Prompt
Each line of the records is to be returned verbatim, with the images omitted.
[Data supplied — start]
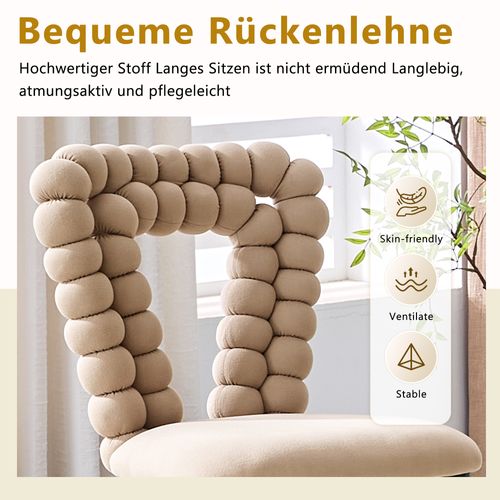 Lot De 2 Chaises Camel En Velours, Dossier Triangle, Pieds Métal Dorés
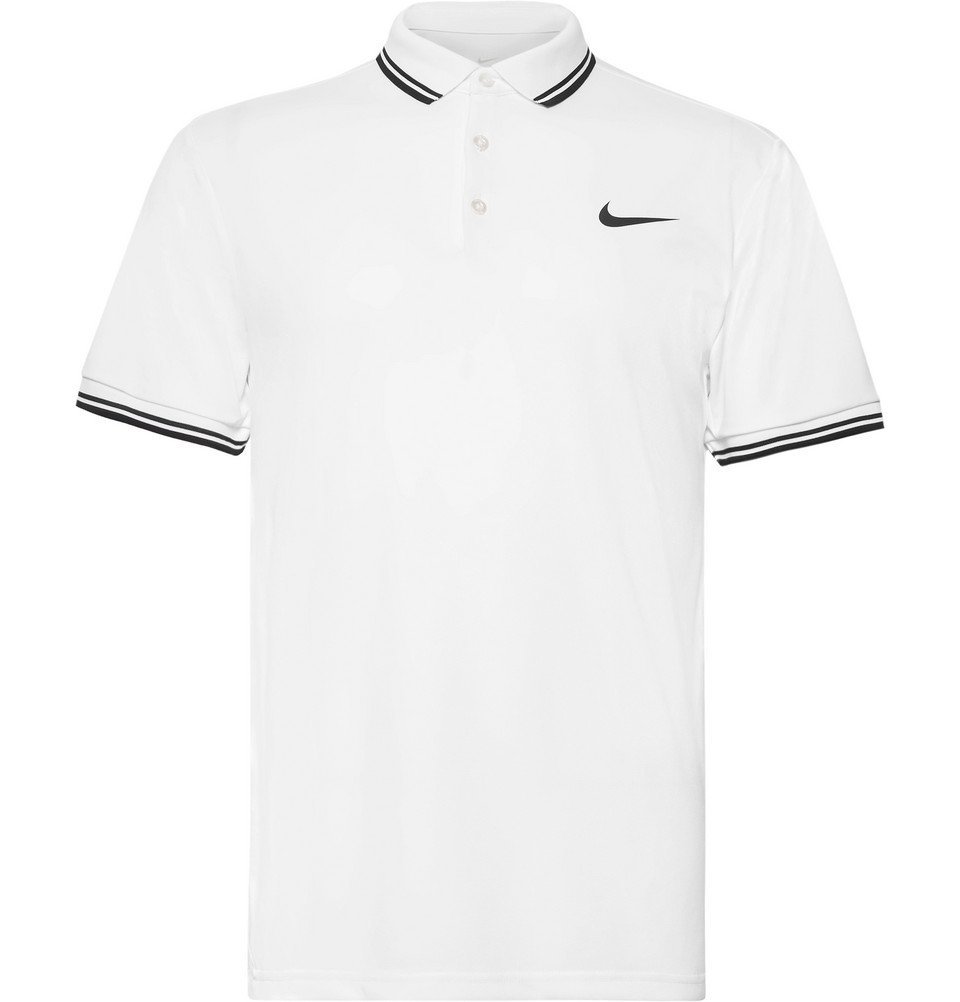 Tennis Polo Shirt - Men - White Nike Tennis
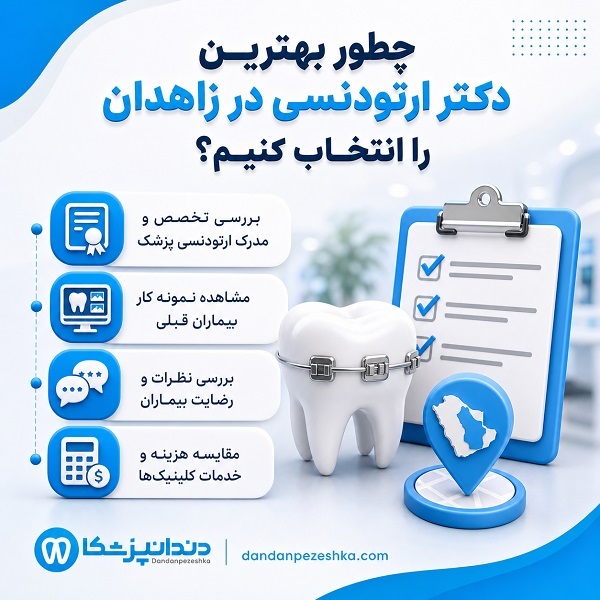 راهنمای انتخاب بهترین دکتر ارتودنسی در زاهدان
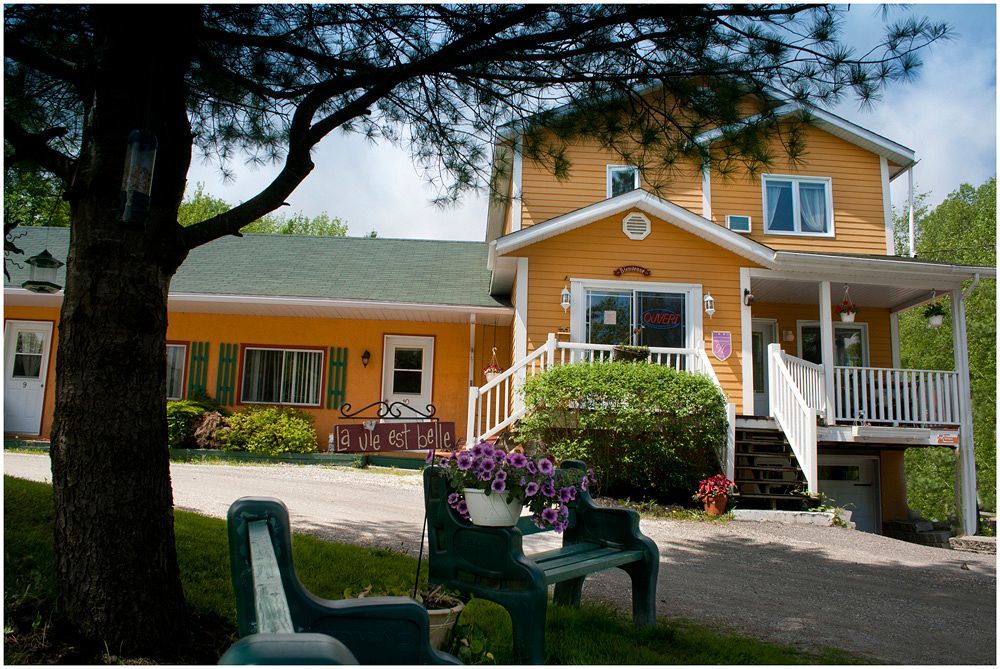 Motel De La Montagne Orford Buitenkant foto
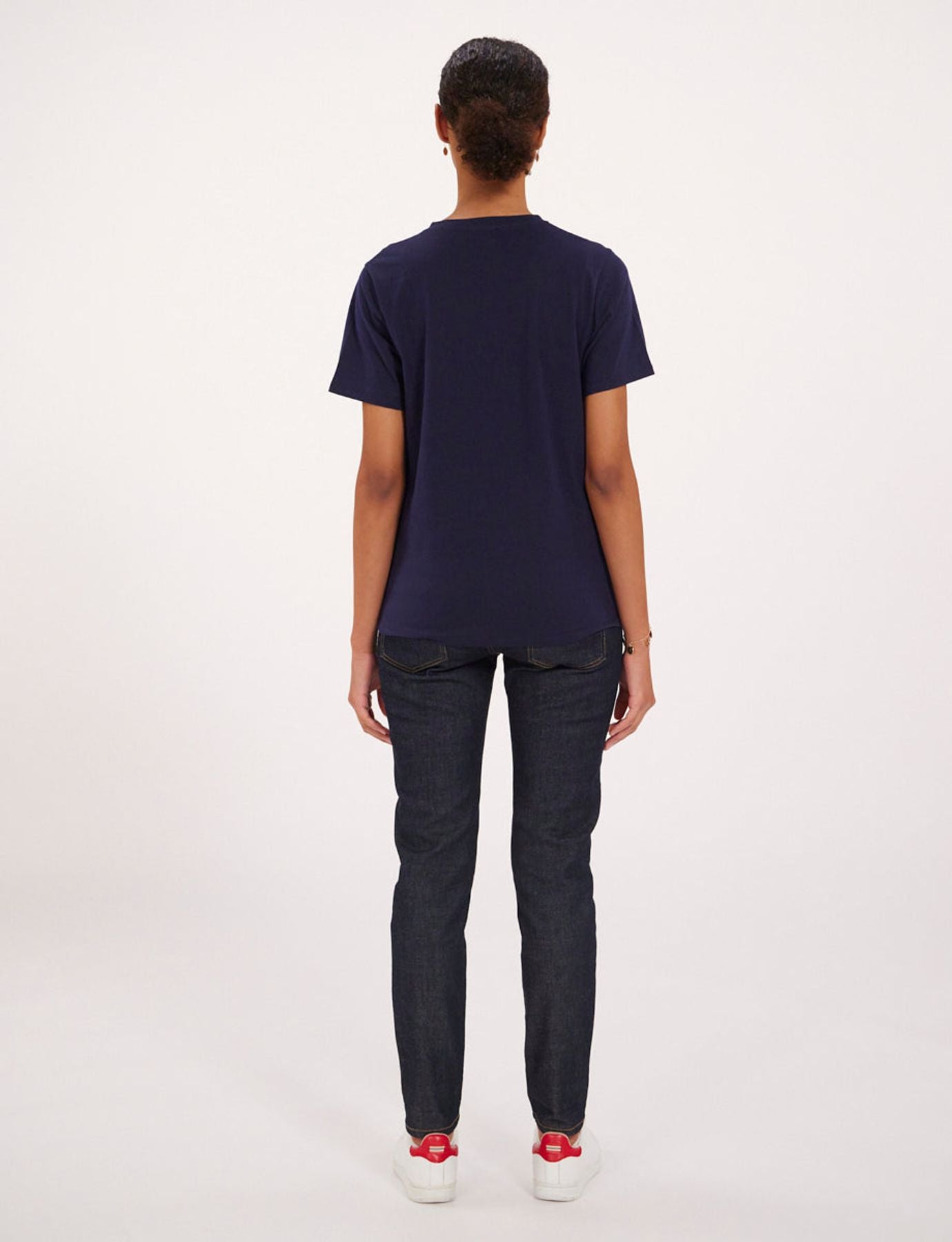 Maglietta Aurora blu navy/bianco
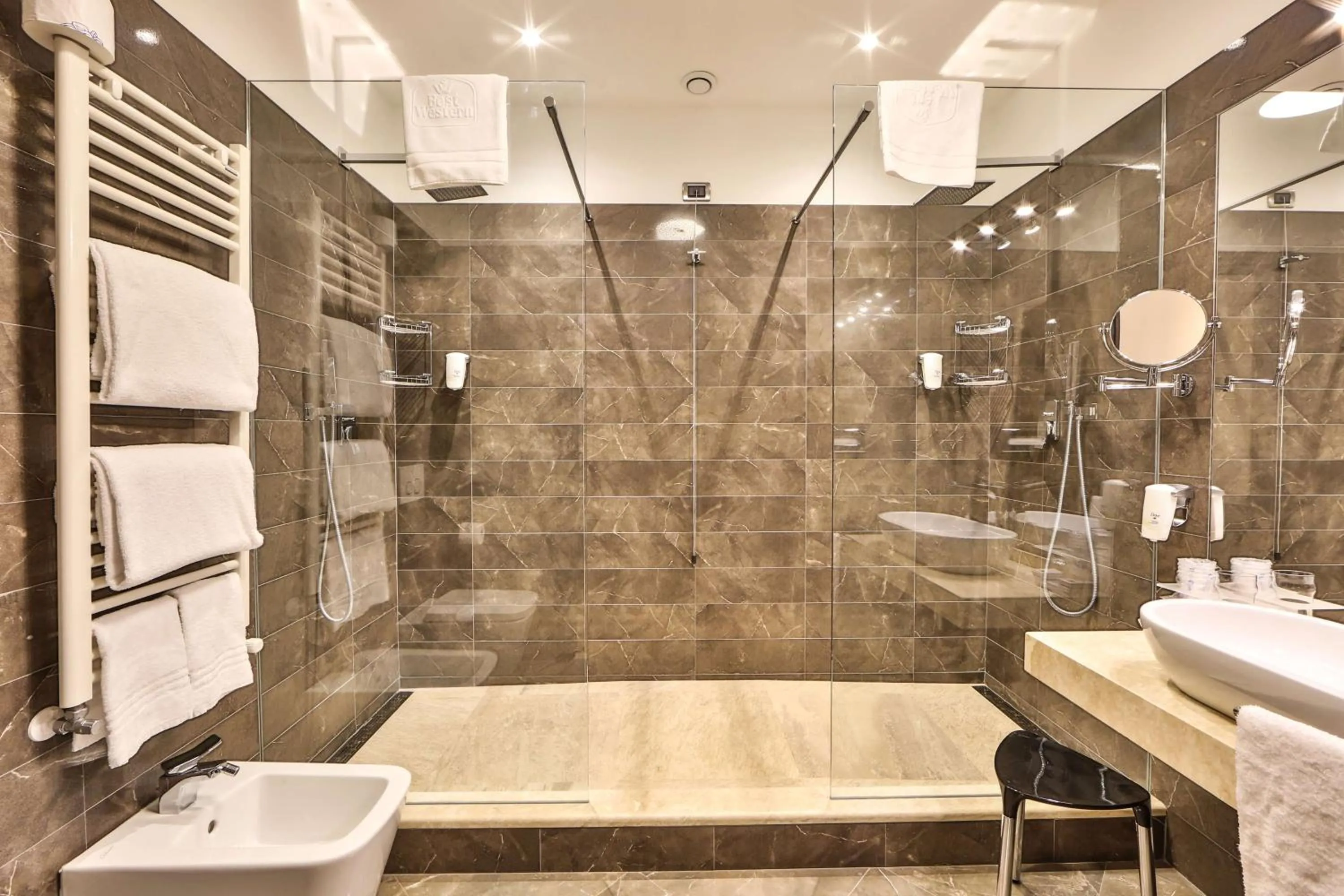 Bathroom in Best Western Plus Hotel Genova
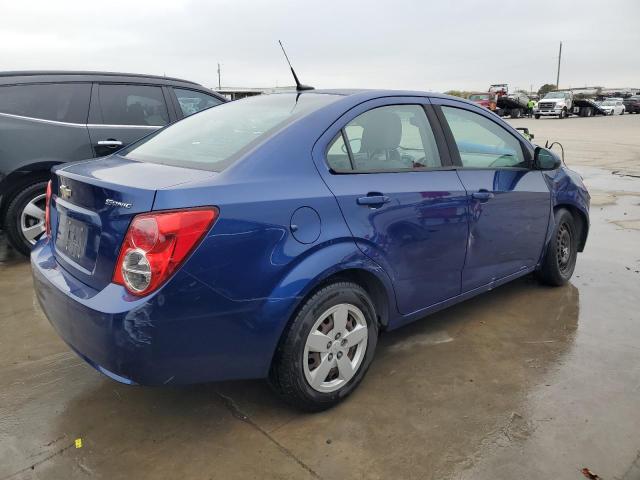 1G1JA5SG7D4177550 - 2013 CHEVROLET SONIC LS BLUE photo 3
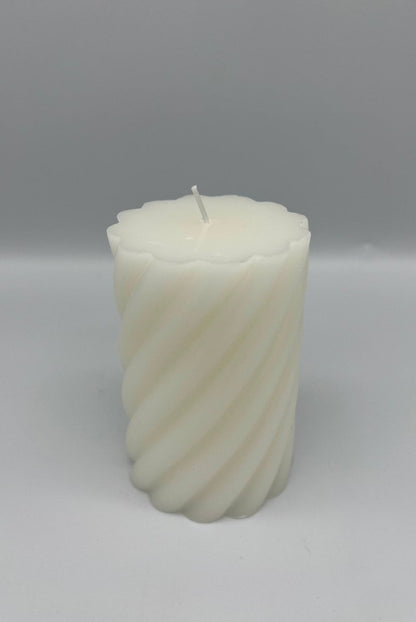 URANUS - Bougie torsade blanche - B&Inside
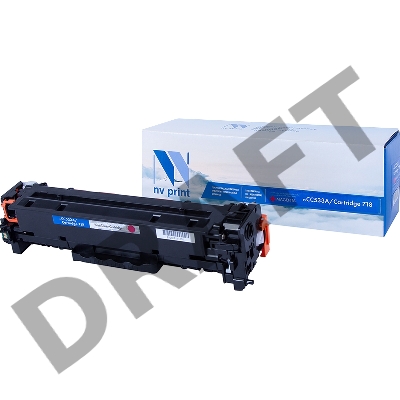 Картридж NV Print совместимый HP CC533A/Canon 718 Magenta для для LJ Color CP2025/ (2800k)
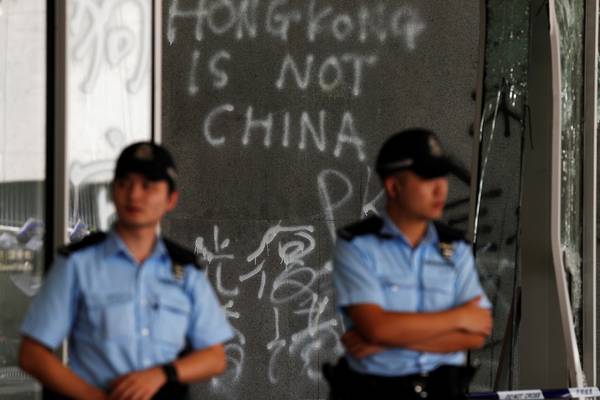 Hong Kong: China condemns protests as ‘undisguised challenge’ to its rule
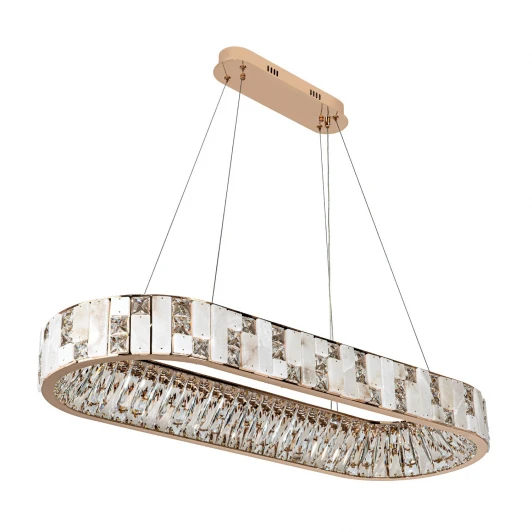 ML.6988.1000P GD Подвесная люстра светодиодная с регулировкой цветовой температуры Modelux MODELUX ML.6988.1000P GD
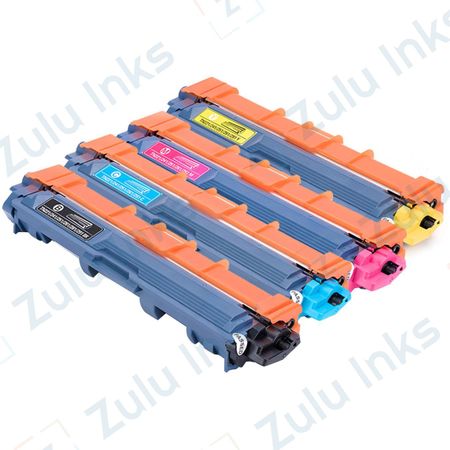 Set of 4 Compatible Brother TN-221 & TN-225 High Yield Toner Cartridges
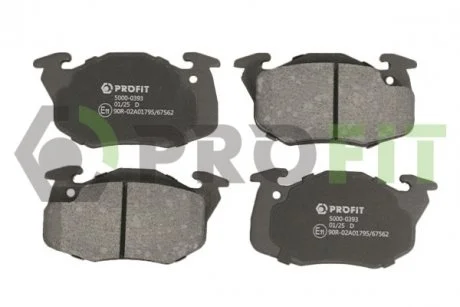 Тормозные колодки передние Renault/Peugeot/Citroen PROFIT 50000393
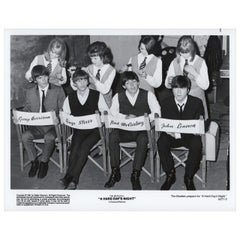 "A Hard Day
s Night" 1964 U.S. Silver Gelatin Single-Weight Photo
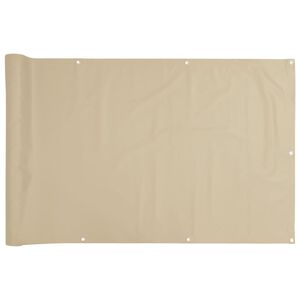 vidaXL Balkonscherm Oxford textiel 75x400 cm beige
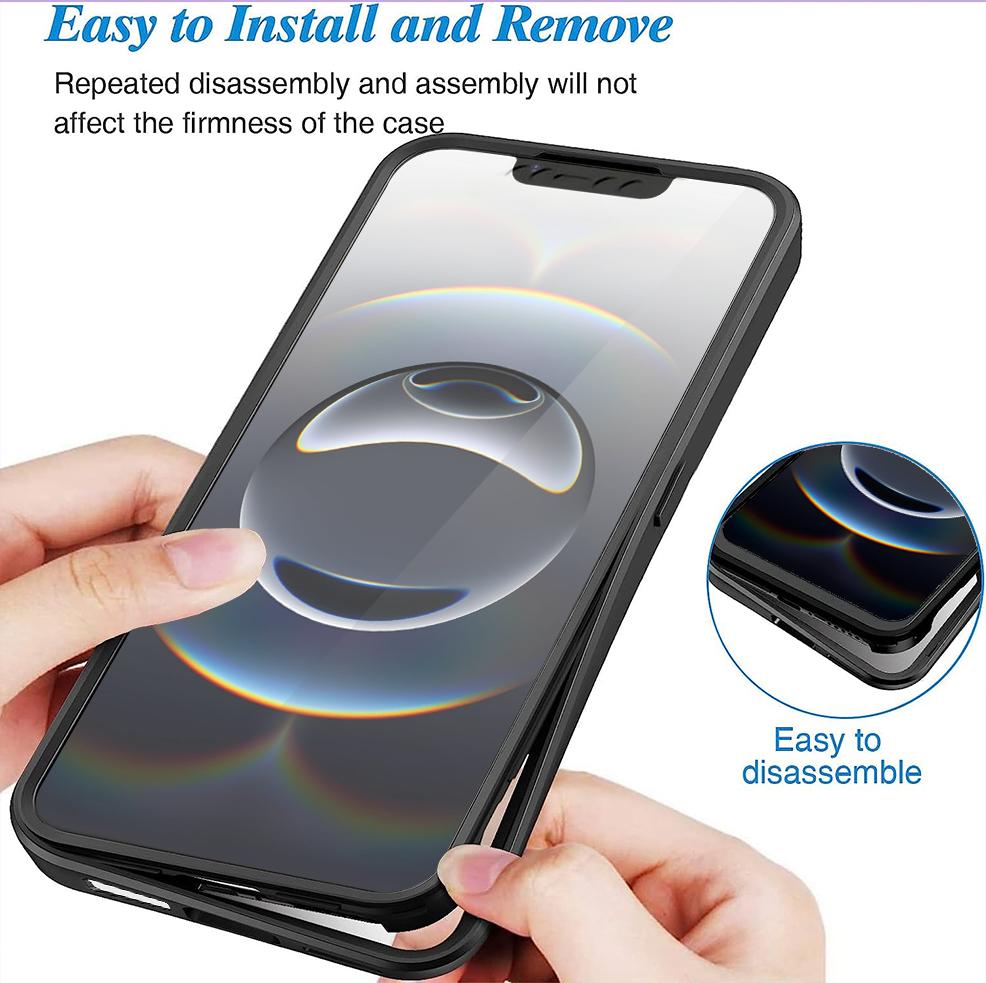 360 Full Protection Case For iPhone 16e Clear Screen With Silicone Bumper TPU+PC Back Cover For iPhone 16 e iPhone16e 2025 Funda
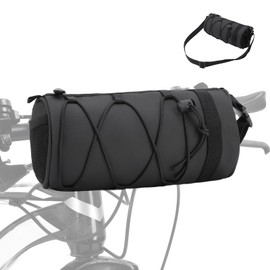 Bicycle Handlebar Bag 2.5 L Capacity Multifunctional Waterproof Mountain Bike Front Rack Hanging Bag, Multiple Methods Hanging, Can Also Be Used as a Crossbody Bag Bicycle Bag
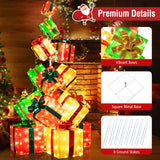 Tangkula 5.6 FT Pre-Lit Gift Box Tower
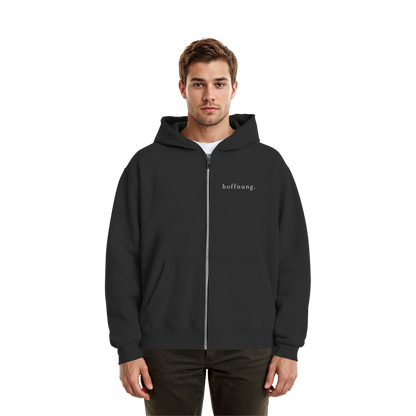 Die Hoffnung hat einen Namen - Jesus - Fluffy Boxcut Zipper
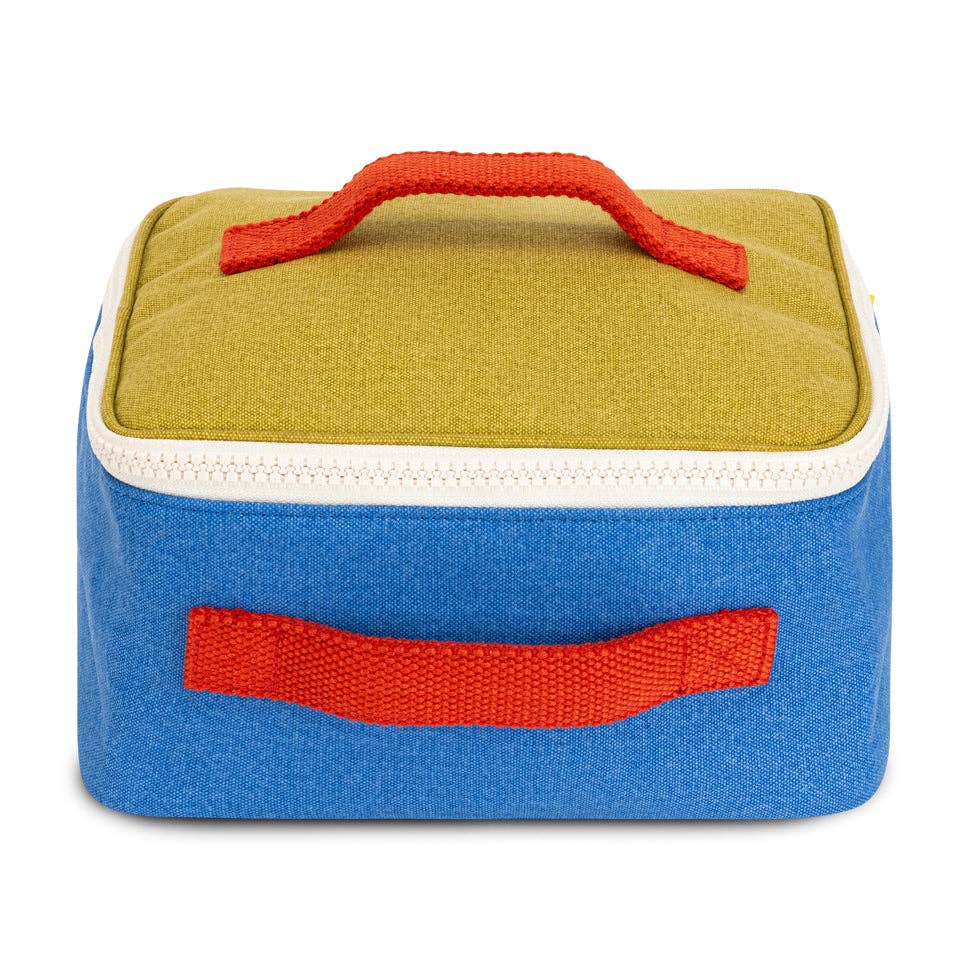 fluf - cobalt circus square lunch bag - winter's moon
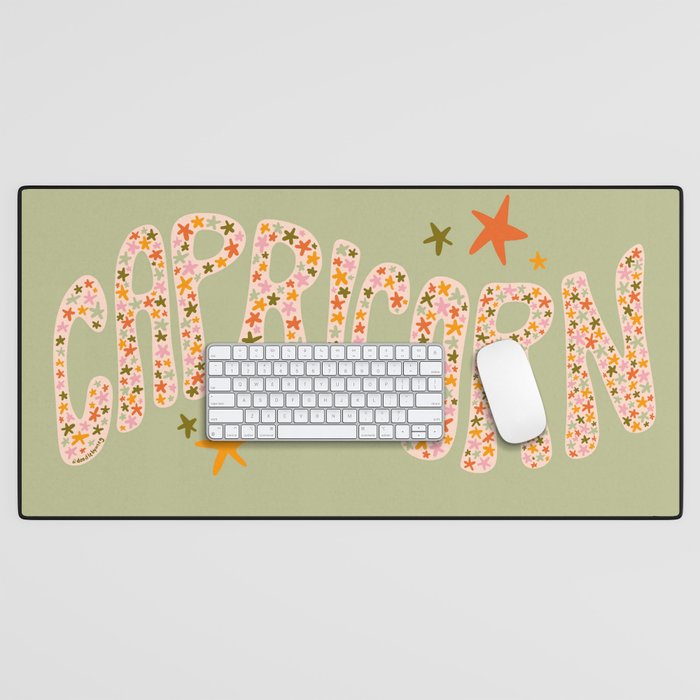 Starry Capricorn Desk Mat Gallery Image 1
[Data supplied — finish]
Exercise solution
 Lot De 2 Chaises Camel En Velours, Dossier Triangle, Pieds Métal Dorés
 Tennis Polo Shirt - Men - White Nike Tennis
 راهنمای انتخاب بهترین دکتر ارتودنسی در زاهدان
 Motel De La Montagne Orford Buitenkant foto
 Maglietta Aurora blu navy/bianco
 Bathroom in Best Western Plus Hotel Genova
 1G1JA5SG7D4177550 - 2013 CHEVROLET SONIC LS BLUE photo 3
 URANUS - Bougie torsade blanche - B&Inside
 Картридж NV Print совместимый HP CC533A/Canon 718 Magenta для для LJ Color CP2025/ (2800k)
 Hong Kong: China condemns protests as ‘undisguised challenge’ to its rule
 ML.6988.1000P GD Подвесная люстра светодиодная с регулировкой цветовой температуры Modelux MODELUX ML.6988.1000P GD
 Set of 4 Compatible Brother TN-221 & TN-225 High Yield Toner Cartridges
 Тормозные колодки передние Renault/Peugeot/Citroen PROFIT 50000393
 "A Hard Day
s Night" 1964 U.S. Silver Gelatin Single-Weight Photo
 vidaXL Balkonscherm Oxford textiel 75x400 cm beige
 360 Full Protection Case For iPhone 16e Clear Screen With Silicone Bumper TPU+PC Back Cover For iPhone 16 e iPhone16e 2025 Funda
 Bicycle Handlebar Bag 2.5 L Capacity Multifunctional Waterproof Mountain Bike Front Rack Hanging Bag, Multiple Methods Hanging, Can Also Be Used as a Crossbody Bag Bicycle Bag
 Tangkula 5.6 FT Pre-Lit Gift Box Tower
 Die Hoffnung hat einen Namen - Jesus - Fluffy Boxcut Zipper
 fluf - cobalt circus square lunch bag - winter's moon
 Starry Capricorn Desk Mat Gallery Image 1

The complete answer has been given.